Violence and silence. If you want to make a Nicolas Winding Refn film, take these ingredients, mix them up (go heavy on the violence; include minimal dialogue to taste) and then choose an aesthetic (recommendations: neon, body paint, chiaroscuro and a bit more neon) and a soundtrack, preferably ambient, 80s, or both.
Silence is an impressively powerful cinematic tool, and Refn uses it to great effect. Or maybe it would be more accurate to call it “lack of speaking”. Drive is, of course, notable for the fact that Ryan Gosling’s Driver, whose real name we never even find out, is taciturn in the extreme. Instead, he communicates through curb-stomping*, hammer attacks, and high-speed pursuits. It’s undeniable that Drive is a film of a certain gravitas (a fact helped by the fact it looks amazing and sounds even better), and the relative paucity of dialogue on the Driver’s part is arguably the driving factor in that. There’s status in silence, and bluster is demeaning and often compensatory.
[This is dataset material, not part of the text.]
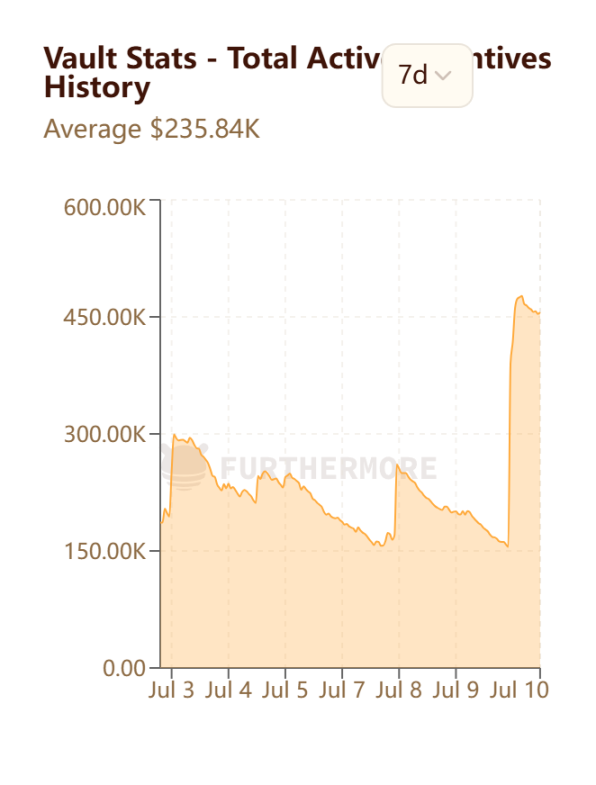 PoL v2如何重塑$BERA的价值捕获路径？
Drive is a better film than Bronson, Refn’s earlier, super-stylized biopic of Britain’s most violent criminal, Charles Bronson. That was a film of shouting, swearing, spluttering brute force and circus-like ridiculousness, a Middle-England pub fight between two sweaty blokes compared the breezy ride along the slick dark expressways and the tight leather gloves of Drive. And arguably it was because the silences, slow-motion and haunting score that punctuate Drive made it seem more moving, provoking more thought.
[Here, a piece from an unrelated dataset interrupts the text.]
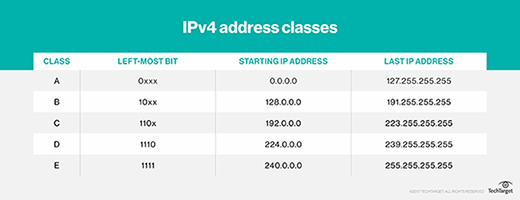 Chart of IPv4 address classes, from IP address 0.0.0.0 to 255.255.255.255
But Valhalla Rising and Only God Forgives (the two films Refn made either side of it) are not better than Drive, despite upping the silence game. The former verges on the highly pretentious. There’s not all that much to be gained from the long silences in the Scottish Highlands and the New World other than—on the audience’s part—an increasing awareness of a distinct lack of plot and characterization.
And Only God Forgives, which sees Gosling given only seventeen lines in the entire film, suffers a lot. There are some impressive bits, including the boxing scene from the trailer and a terrifying torture scene*, and it’s more visually engaging than Valhalla Rising, but these moments don’t stop the film from being—simply put—very boring. There are too many slow-paced silent sections that seem there only to convince us this is somehow an “important” film. It’s not.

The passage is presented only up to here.